Task statement. Leaving the pictures aside, repeat each line below exactly.

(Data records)
◇ ◇ ◇ ◇ ◇ ◇ ◇

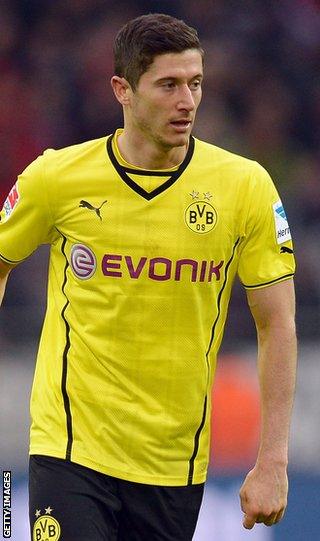 Borussia Dortmund striker Robert Lewandowski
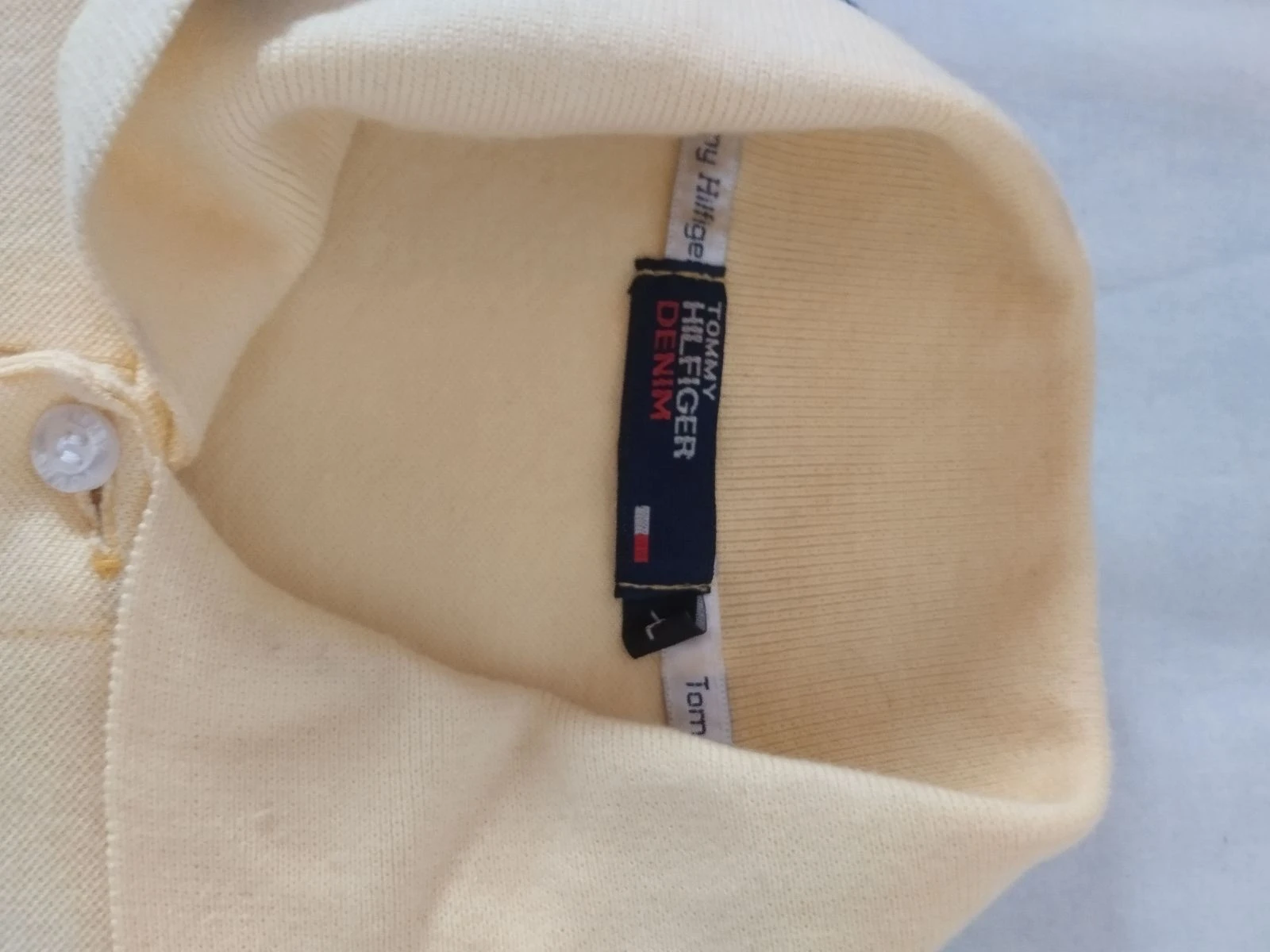 Tommy Hilfiger Denim geel poloshirt – photo 3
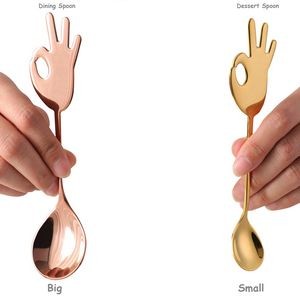 Premium Stainless Steel Measuring Spoons Set 6 Sizes With Silicone Handle 16
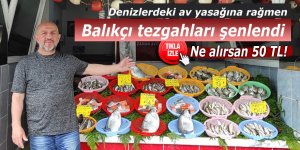 Balık tezgahı şenlendi: Ne alırsan 50 TL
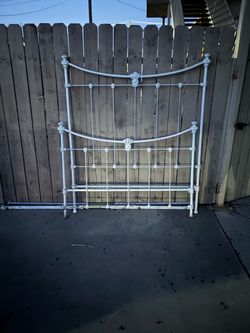Vintage cast iron headboard and footboard with frame original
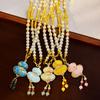 Beads Song Brocade Gourd Necklace Luxury Pearl Long Sweater Chain  Women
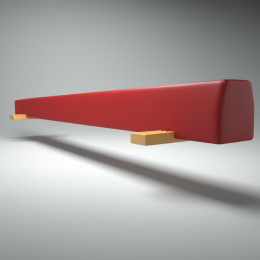 Бревно мягкое 5 м напольное гимнастическое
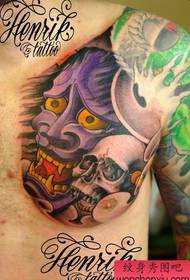 modello di tatuaggio Prajna bello classico petto anteriore maschile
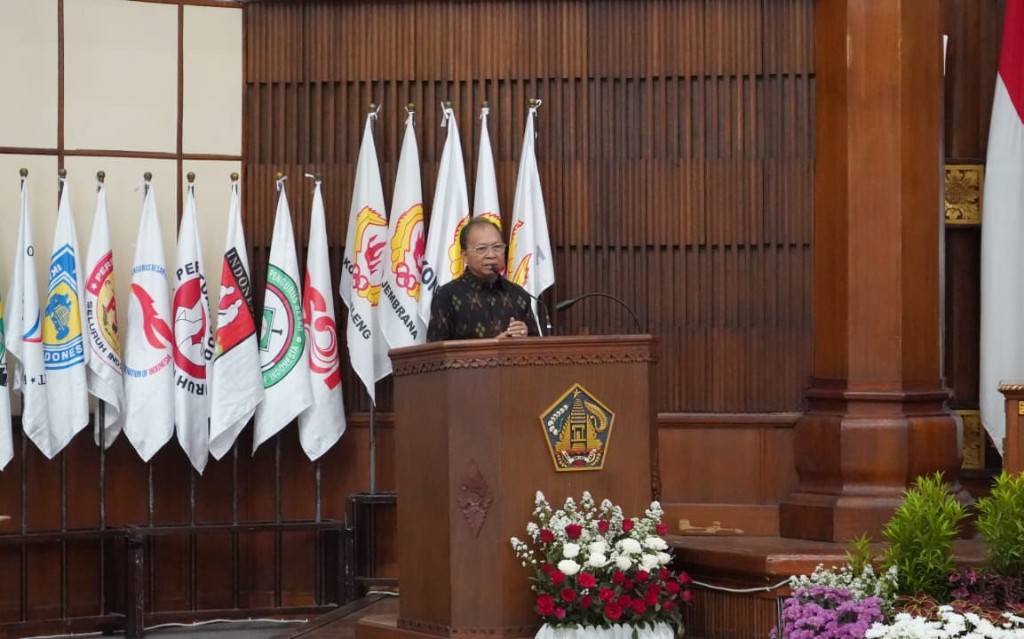 Buka Rakerprov KONI Bali 2026, Gubernur Koster Minta Fokus Porprov dan Berjuang Rebut Posisi Kelima PON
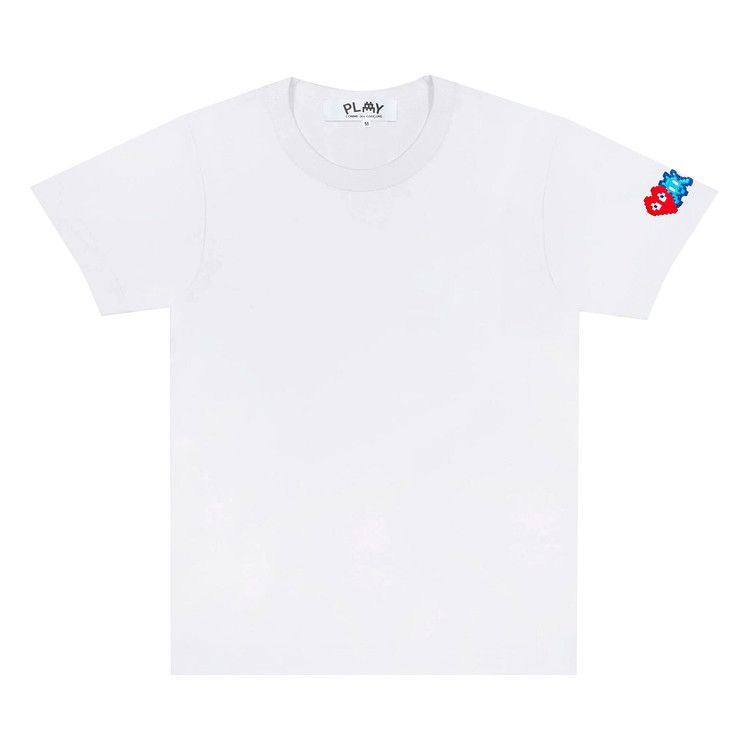 Comme des Garçons PLAY Double Heart T-Shirt 'White'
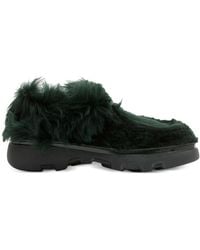 Burberry - Shearling Creeper Shoes - Lyst
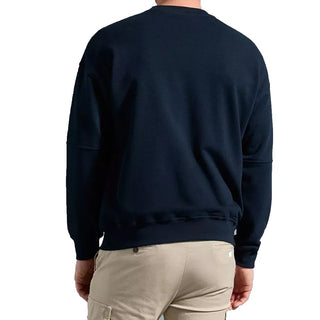 Blue Cotton Sweatshirt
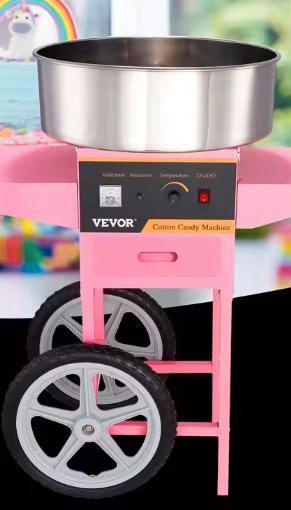Commerciële suikerspinmachine 1000W met kar en RVS kom, Huis en Inrichting, Keuken | Keukenelementen, Nieuw, Verzenden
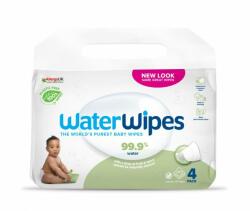 WaterWipes Servetele umede Biodegradabile Water Wipes Soapberry, 4 pachete x 60 buc, 240 buc (420075)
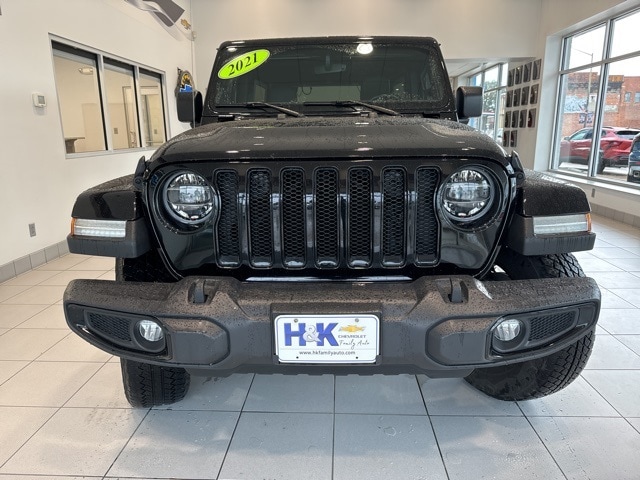 Used 2021 Jeep Wrangler Unlimited Sahara Altitude with VIN 1C4HJXEG3MW556305 for sale in Continental, OH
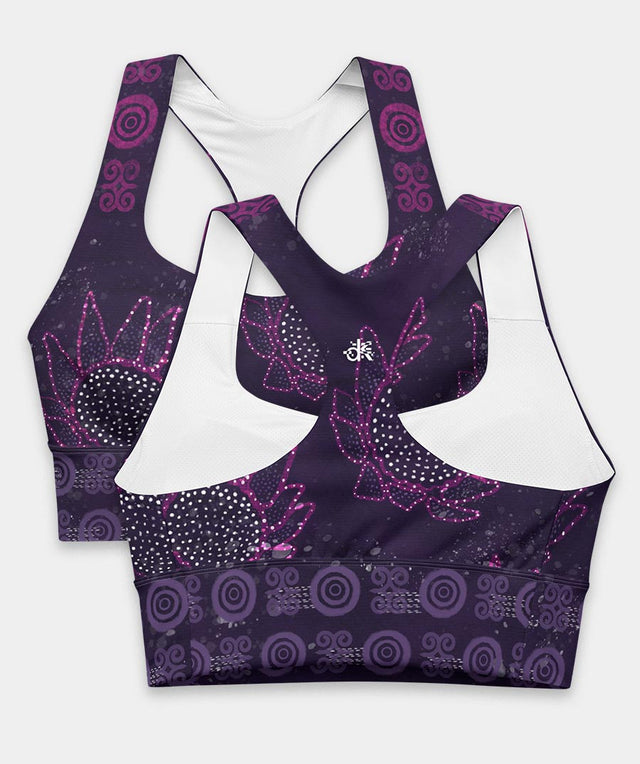 High-Performance Sports Bra in Royal BATIK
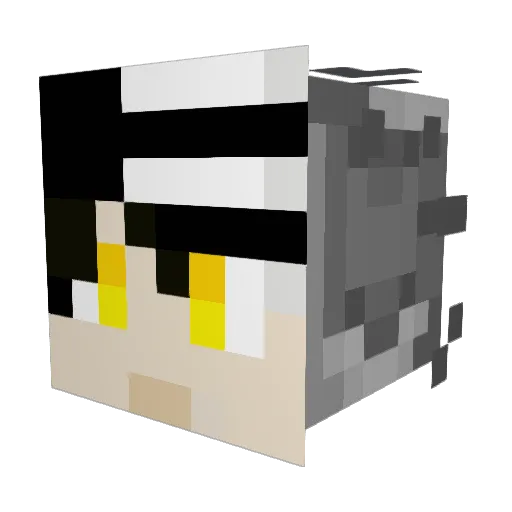 Titchlock Minecraft avatar head, 3D render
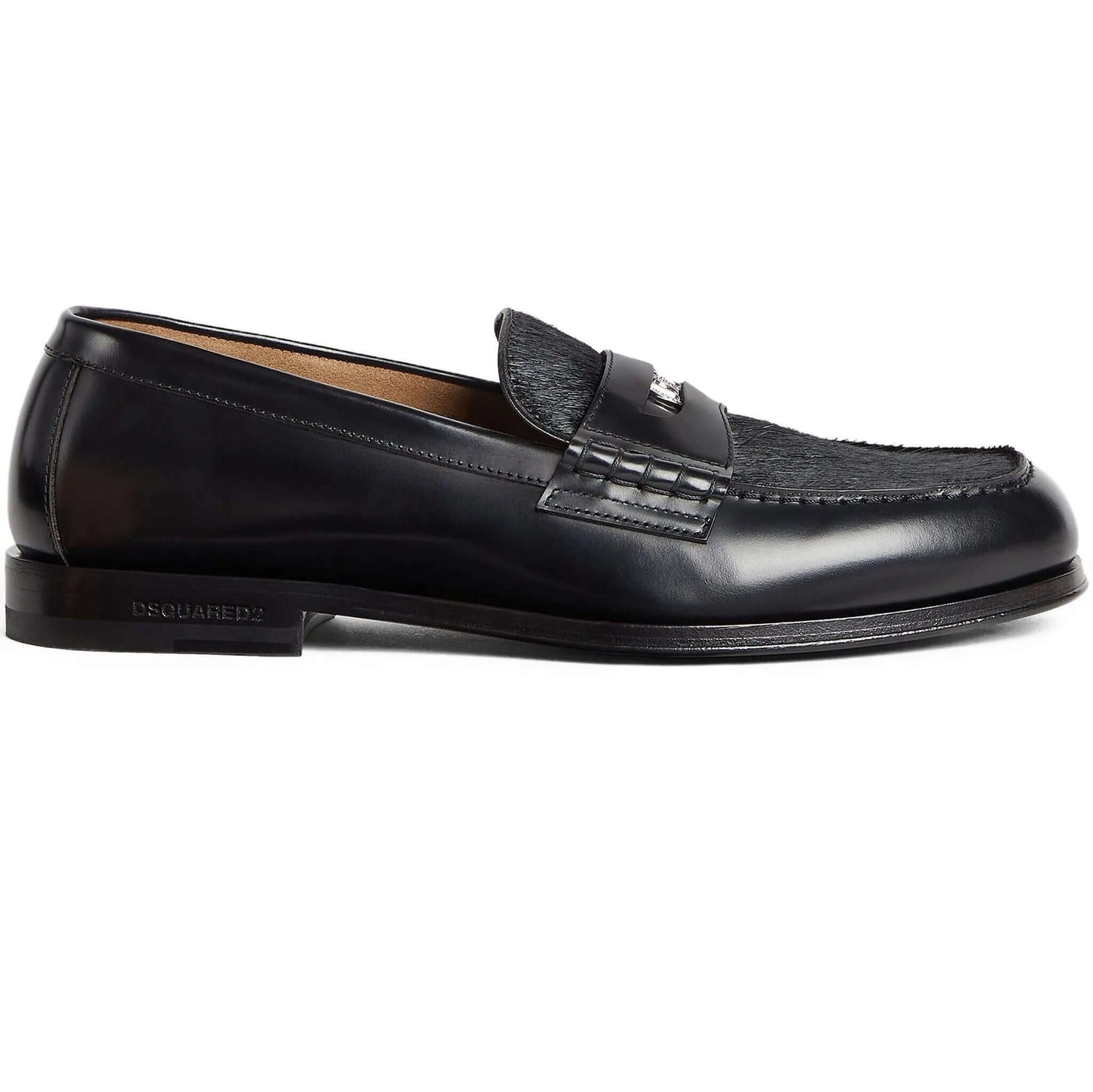 DSQUARED2 Mocassini in Pelle Nera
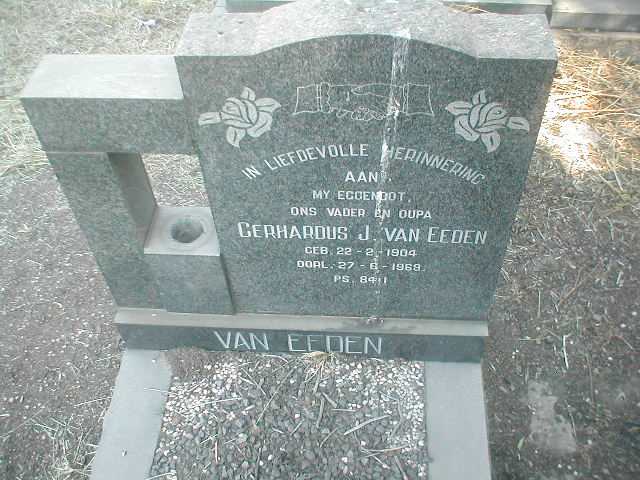 EEDEN Gerhardus J., van 1904-1969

◇ ◇ ◇ ◇ ◇ ◇ ◇

Solution to the exercise.
 Borussia Dortmund striker Robert Lewandowski
 Tommy Hilfiger Denim geel poloshirt – photo 3
 Premium Stainless Steel Measuring Spoons Set 6 Sizes With Silicone Handle 16
 Balık tezgahı şenlendi: Ne alırsan 50 TL
Vintage cast iron headboard and footboard with frame original
 Beads Song Brocade Gourd Necklace Luxury Pearl Long Sweater Chain  Women
 Бревно мягкое 5 м напольное гимнастическое
 modello di tatuaggio Prajna bello classico petto anteriore maschile
 Buka Rakerprov KONI Bali 2026, Gubernur Koster Minta Fokus Porprov dan Berjuang Rebut Posisi Kelima PON
 Comme des Garçons PLAY Double Heart T-Shirt 'White'
 Burberry - Shearling Creeper Shoes - Lyst
 Blue Cotton Sweatshirt
Commerciële suikerspinmachine 1000W met kar en RVS kom, Huis en Inrichting, Keuken | Keukenelementen, Nieuw, Verzenden
 WaterWipes Servetele umede Biodegradabile Water Wipes Soapberry, 4 pachete x 60 buc, 240 buc (420075)
 Used 2021 Jeep Wrangler Unlimited Sahara Altitude with VIN 1C4HJXEG3MW556305 for sale in Continental, OH
 High-Performance Sports Bra in Royal BATIK
 Titchlock Minecraft avatar head, 3D render
 DSQUARED2 Mocassini in Pelle Nera
 EEDEN Gerhardus J., van 1904-1969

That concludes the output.